- WORK REQUIRED -
What is needed is an exact copy of the data below, pictures excluded.

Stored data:

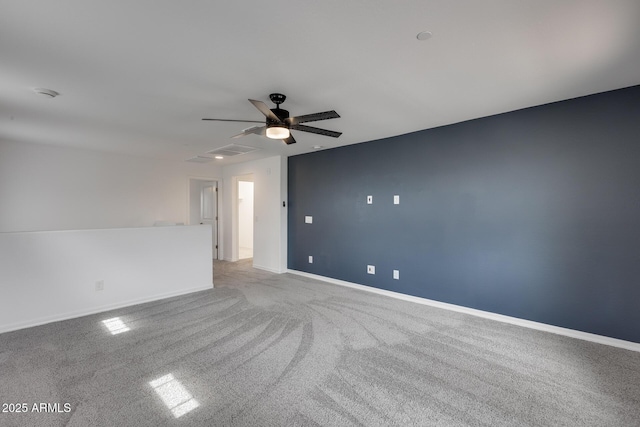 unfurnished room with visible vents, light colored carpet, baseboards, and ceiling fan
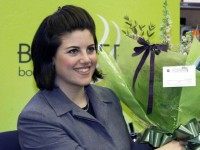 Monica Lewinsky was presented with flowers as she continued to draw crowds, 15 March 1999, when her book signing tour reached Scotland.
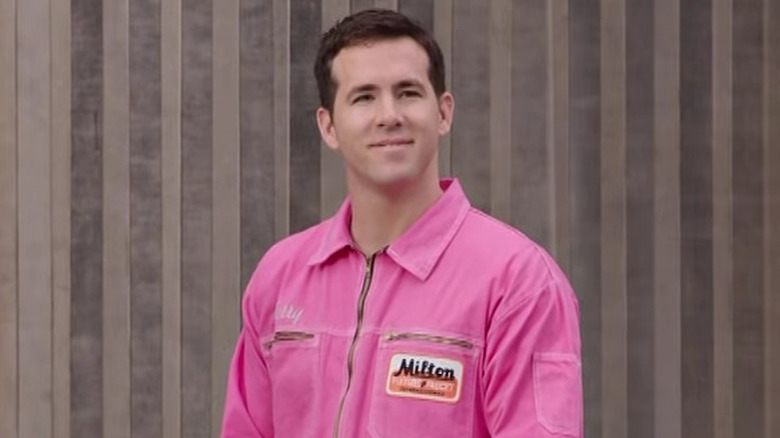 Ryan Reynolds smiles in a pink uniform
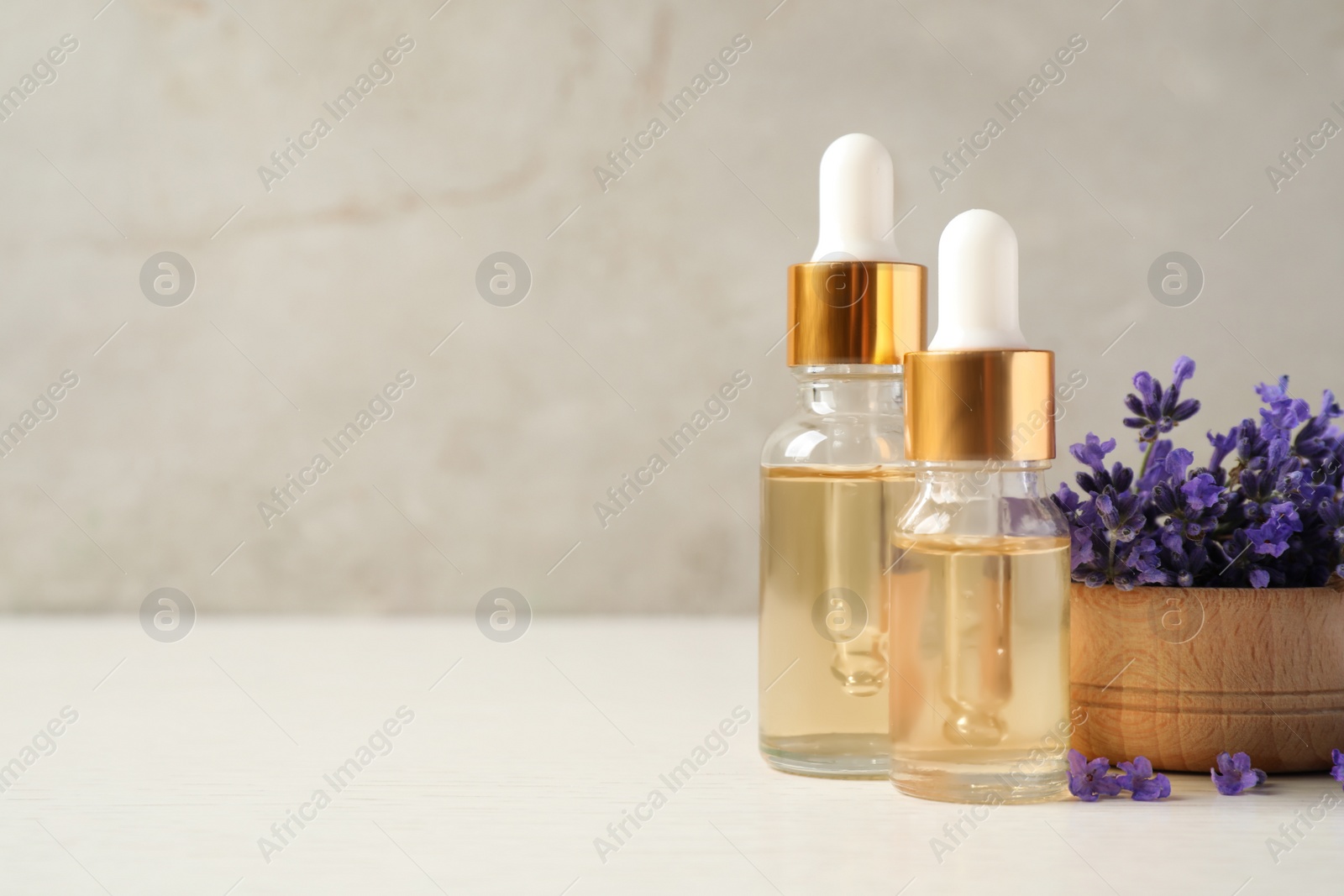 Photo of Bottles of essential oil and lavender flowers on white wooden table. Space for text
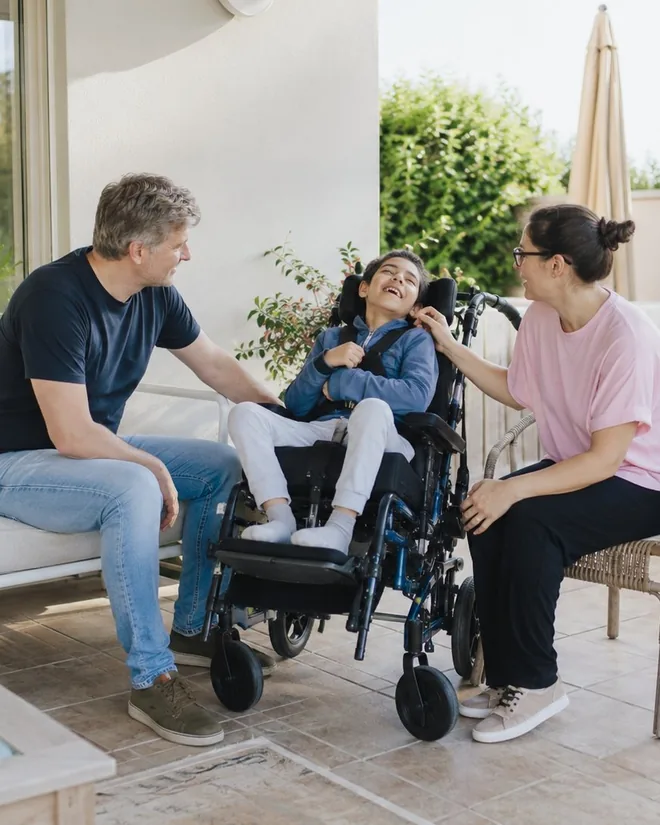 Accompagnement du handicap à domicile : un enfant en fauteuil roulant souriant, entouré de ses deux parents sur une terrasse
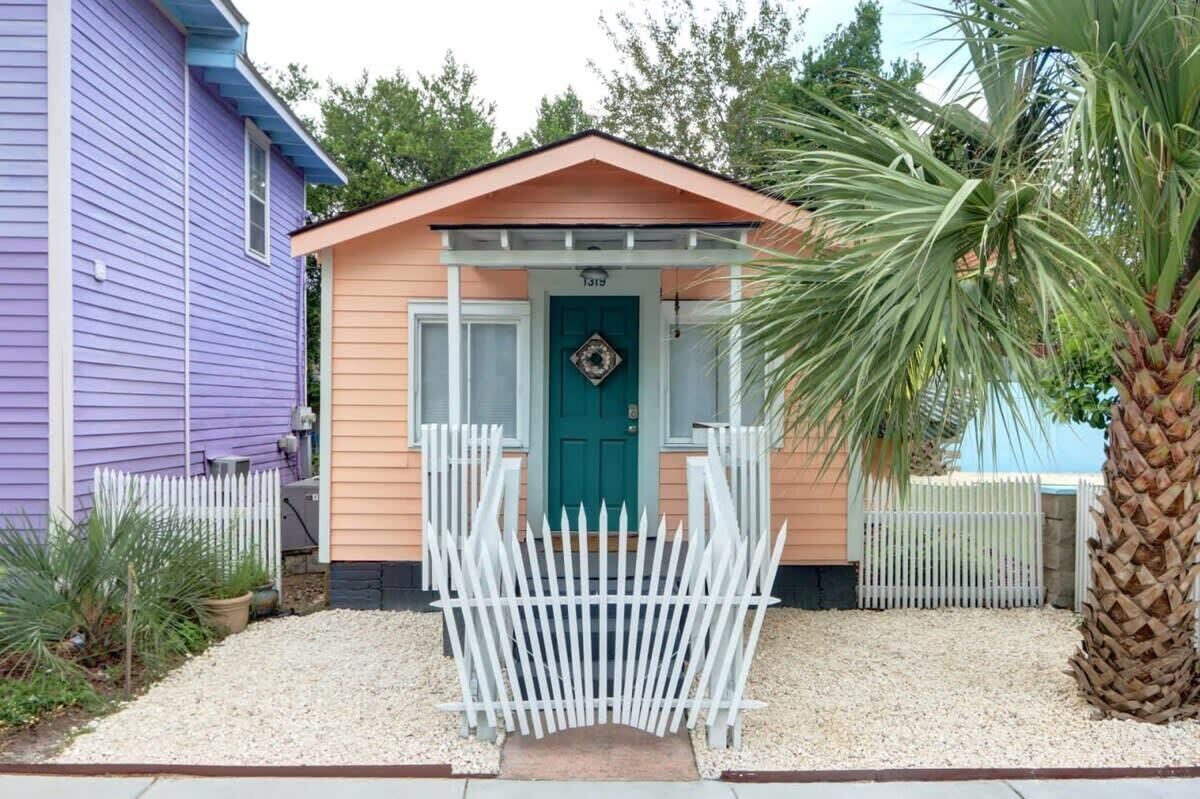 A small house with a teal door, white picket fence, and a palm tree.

- OUTPUT FOR THIS TASK -
 unfurnished room with visible vents, light colored carpet, baseboards, and ceiling fan
 Monica Lewinsky was presented with flowers as she continued to draw crowds, 15 March 1999, when her book signing tour reached Scotland.
 Ryan Reynolds smiles in a pink uniform
 Photo of Bottles of essential oil and lavender flowers on white wooden table. Space for text
 Accompagnement du handicap à domicile : un enfant en fauteuil roulant souriant, entouré de ses deux parents sur une terrasse
 A small house with a teal door, white picket fence, and a palm tree.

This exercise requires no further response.